Milk Producers in Fresnillo Face Crisis Amidst Rising Costs
The World Milk Day in Fresnillo, Zacatecas, turned into a platform for dairy farmers to highlight the severe financial challenges they face. Despite the global celebration, local producers are grappling with an unsustainable crisis caused by a combination of escalating input costs and stagnant milk prices.
Farmers in the region are particularly vulnerable due to a combination of adverse climatic conditions and a deregulated market. This has resulted in an unsustainable cost structure, where essential inputs like feed grains, fuel, and veterinary services have become exponentially more expensive, while the price of raw milk remains stagnant.
Without vertical integration and collective storage infrastructure, the commercialization conditions for Fresnillo's dairy farmers are further strained.
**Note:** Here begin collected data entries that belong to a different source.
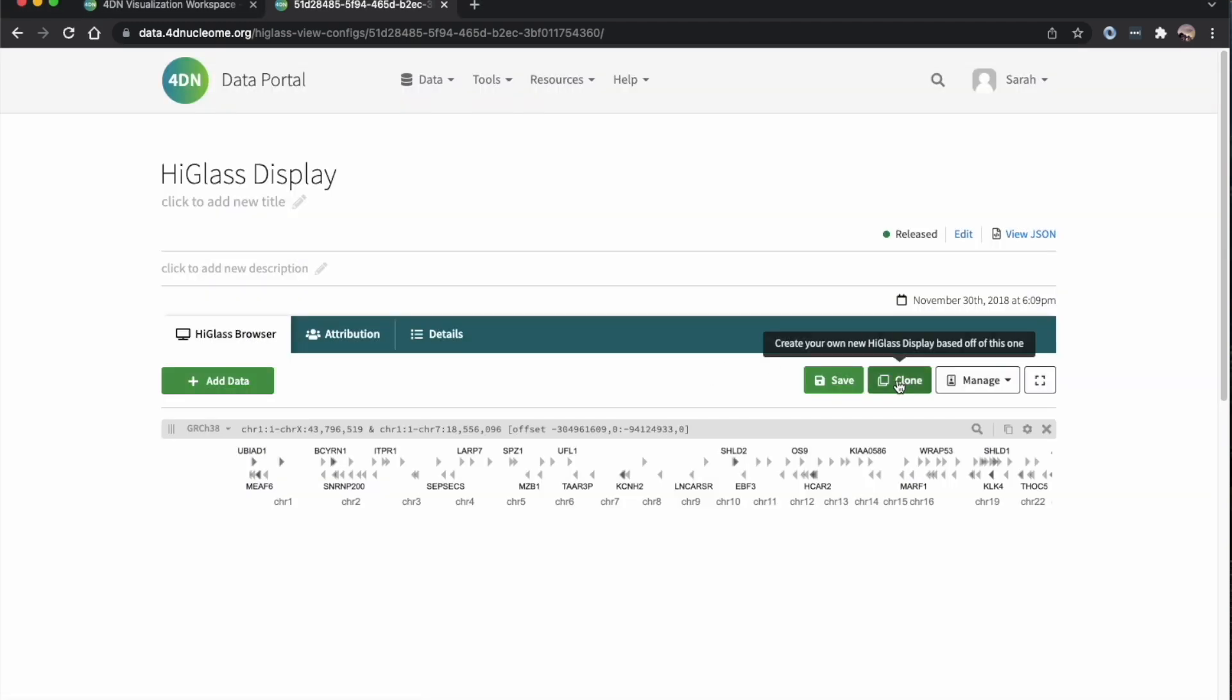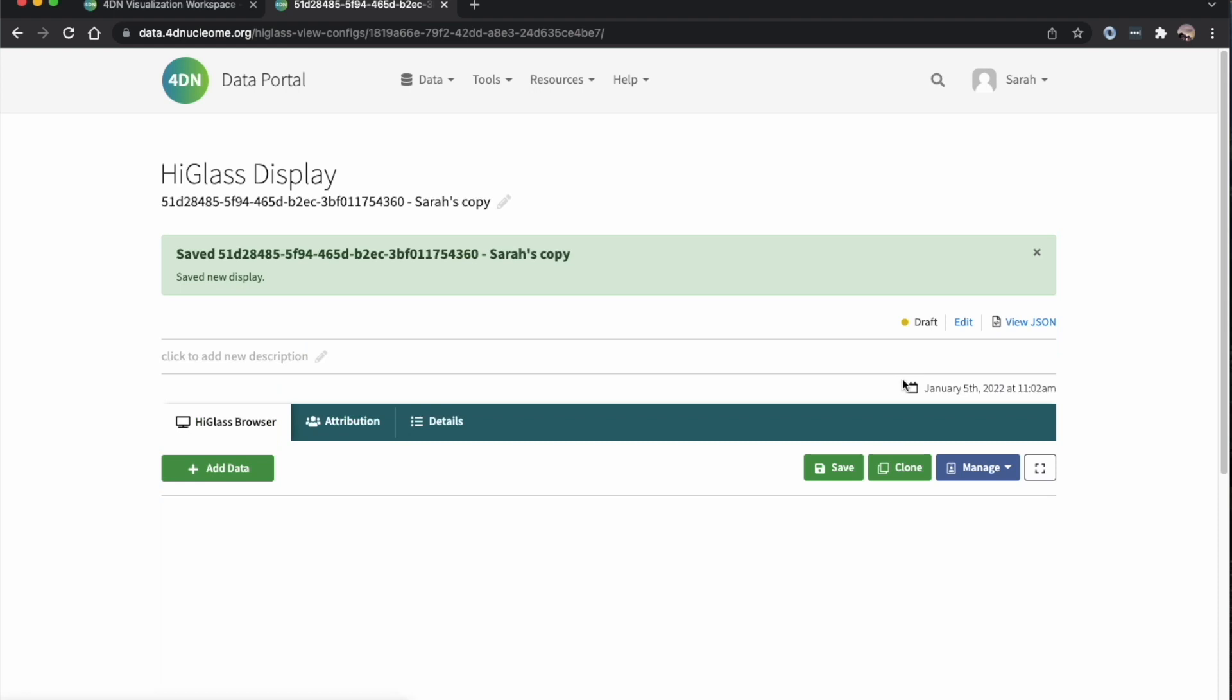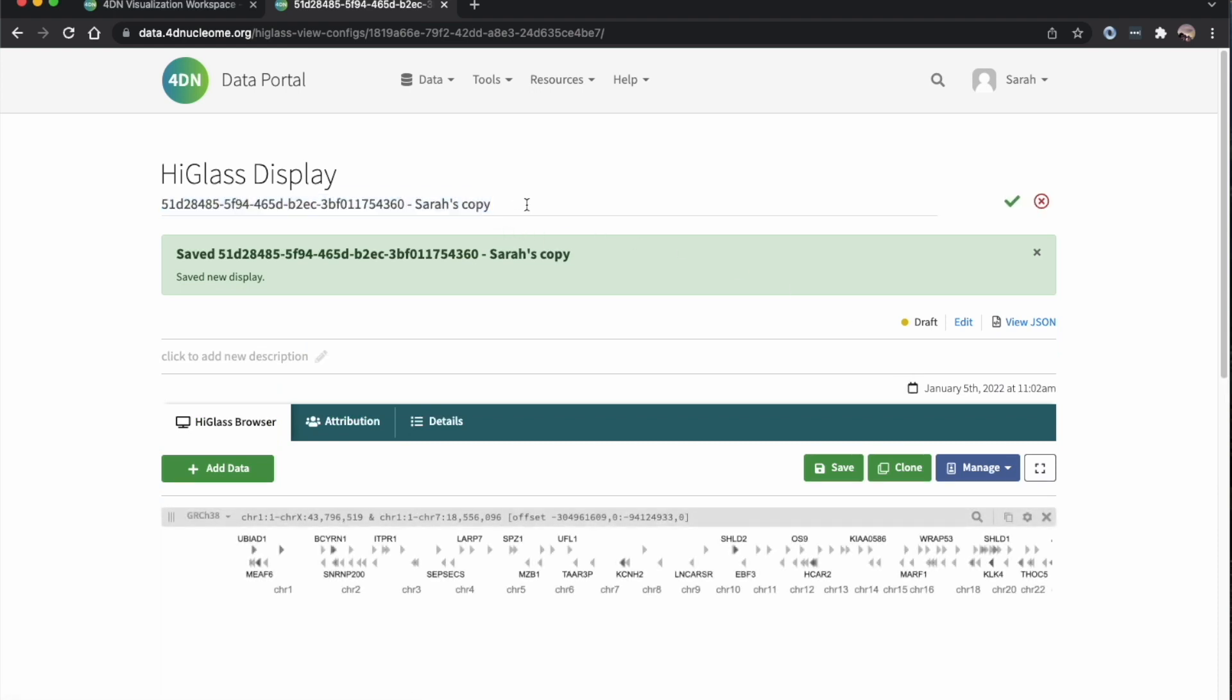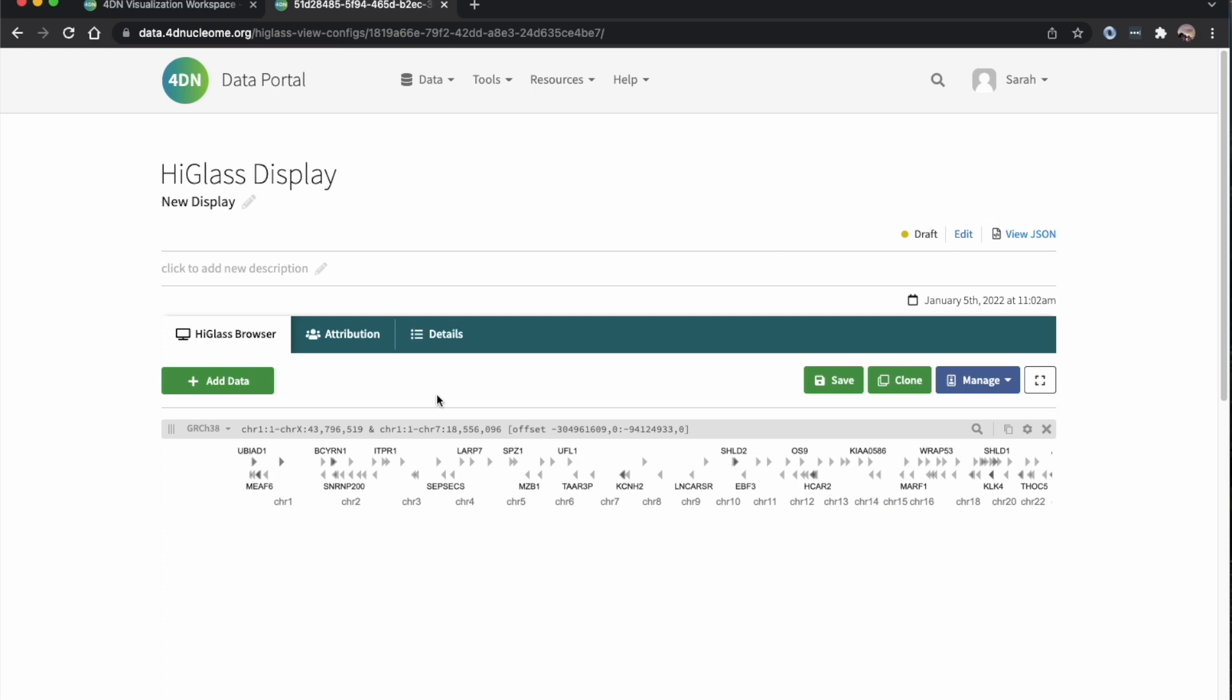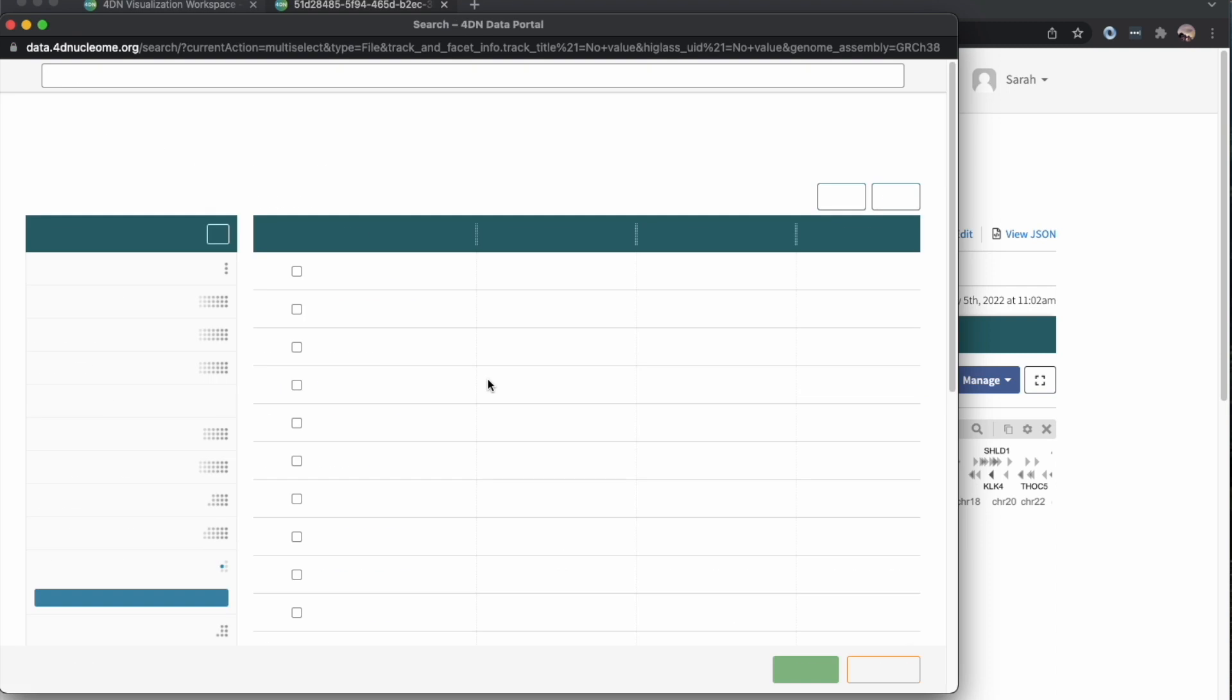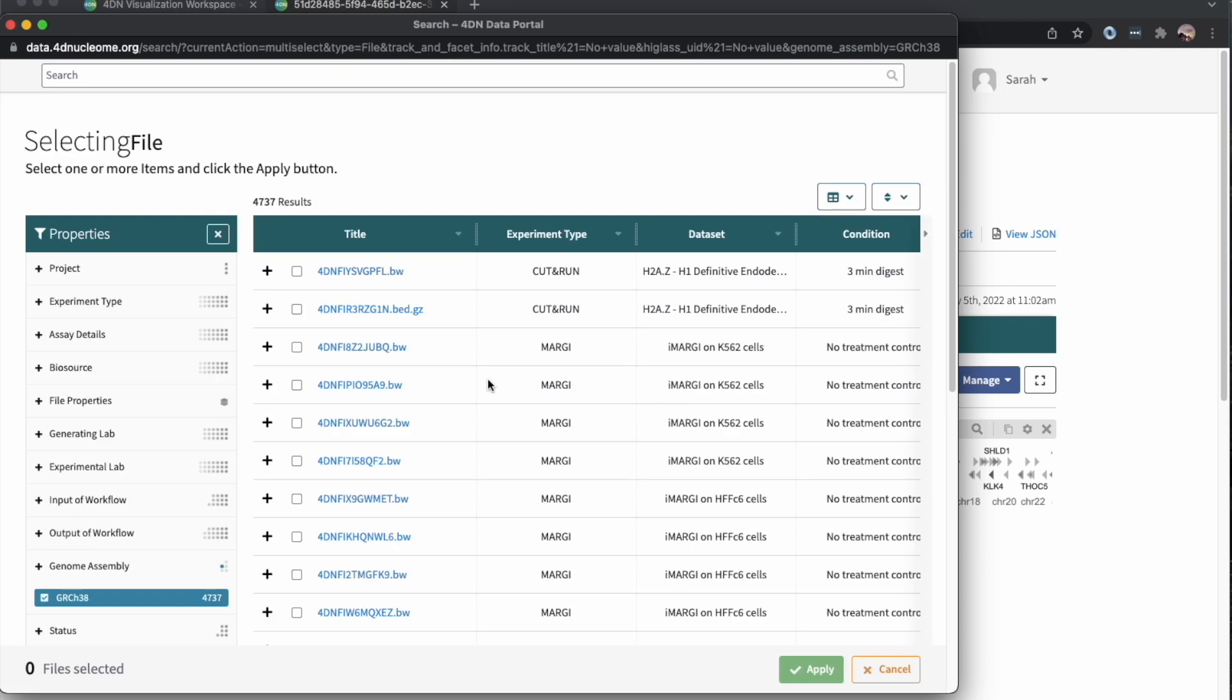I'm first going to clone the display so that I have my own copy, and I can name it if I'd like. Now I'm going to click on the add data button, and there'll be a pop-up window that allows us to use the search and filtering capabilities.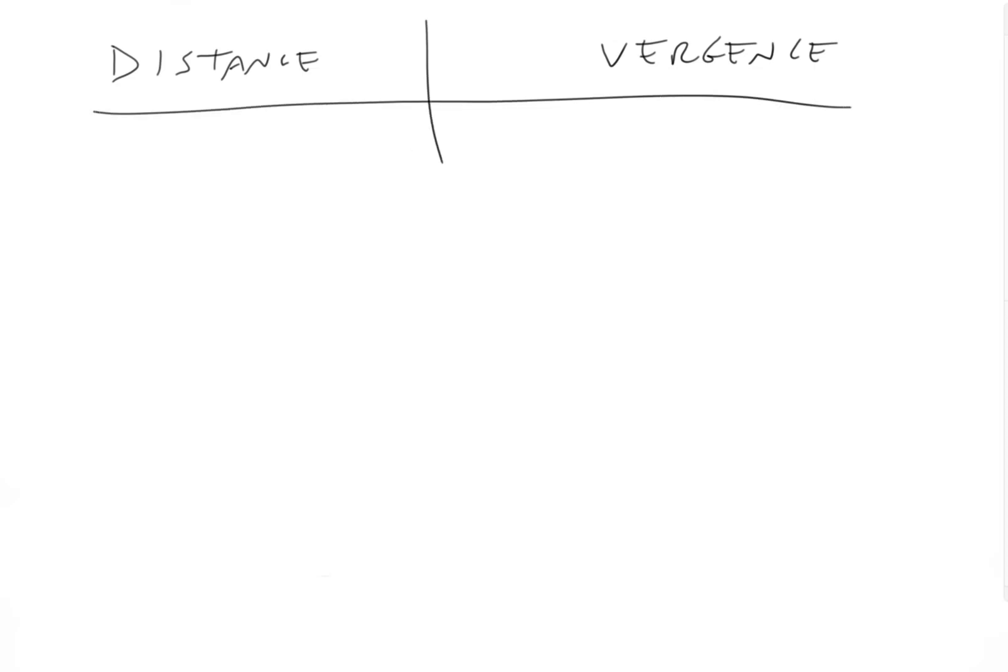So if we have an object that is 50 centimeters away from a point source of light, what is the vergence?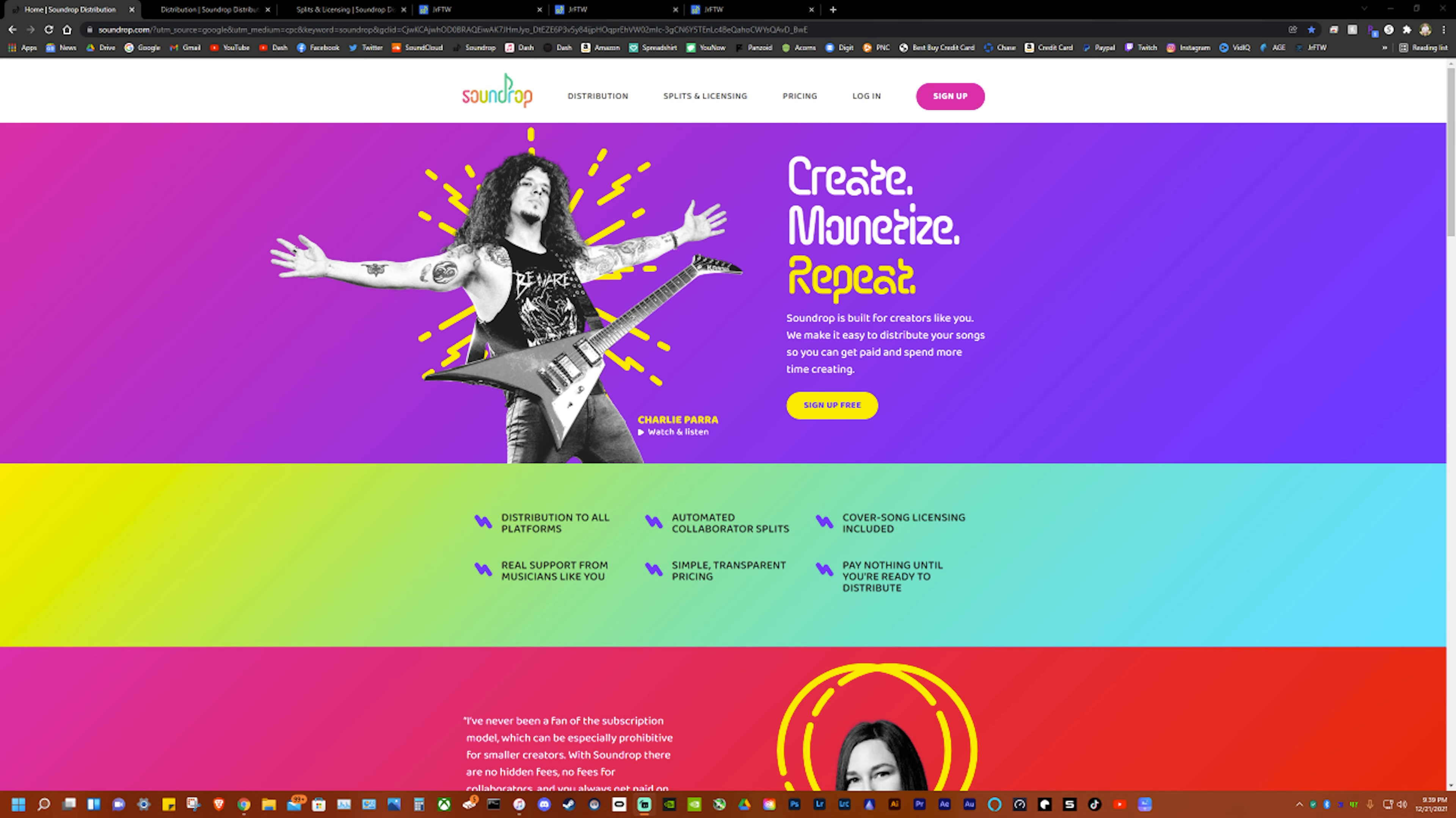Hey everybody, what is going on, it is Junior For The Win here and I have a quick video for you on how to distribute your own music as an independent and small artist. This is one of the few places you can do it, but this is where I do it and this is the best one.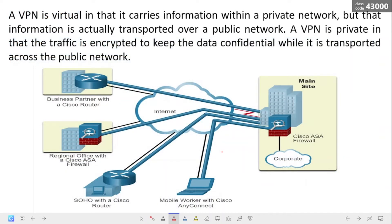The first types of VPN were strictly IP tunnels that did not include authentication or encryption of data. For example, Generic Routing Encapsulation, or GRE, is a tunneling protocol developed by Cisco that does not include encryption services. It is used to encapsulate IPv4 and IPv6 traffic inside an IP tunnel to create a virtual point-to-point link. Modern VPNs now support encryption features such as IPsec and SSL VPNs to ensure network traffic security between sites.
They lack drying plants and industrialization capacity to manage surplus, making them reliant on large buyers and intermediaries. This dependency allows buyers to impose quality penalties or delivery quotas, leaving producers with little negotiating power.
Analysts in the dairy economy view Fresnillo as indicative of traditional dairy regions facing competition from low-cost imported milk formulas and by-products. Local farmers emphasize the absence of direct support policies and effective guaranteed pricing schemes, which leads to a silent but steady abandonment of dairy farms.
Each closure of a production unit not only results in job losses in rural areas but also represents a setback in regional food sovereignty. The ongoing crisis highlights the need for structural changes to support the sustainability and survival of local dairy farming.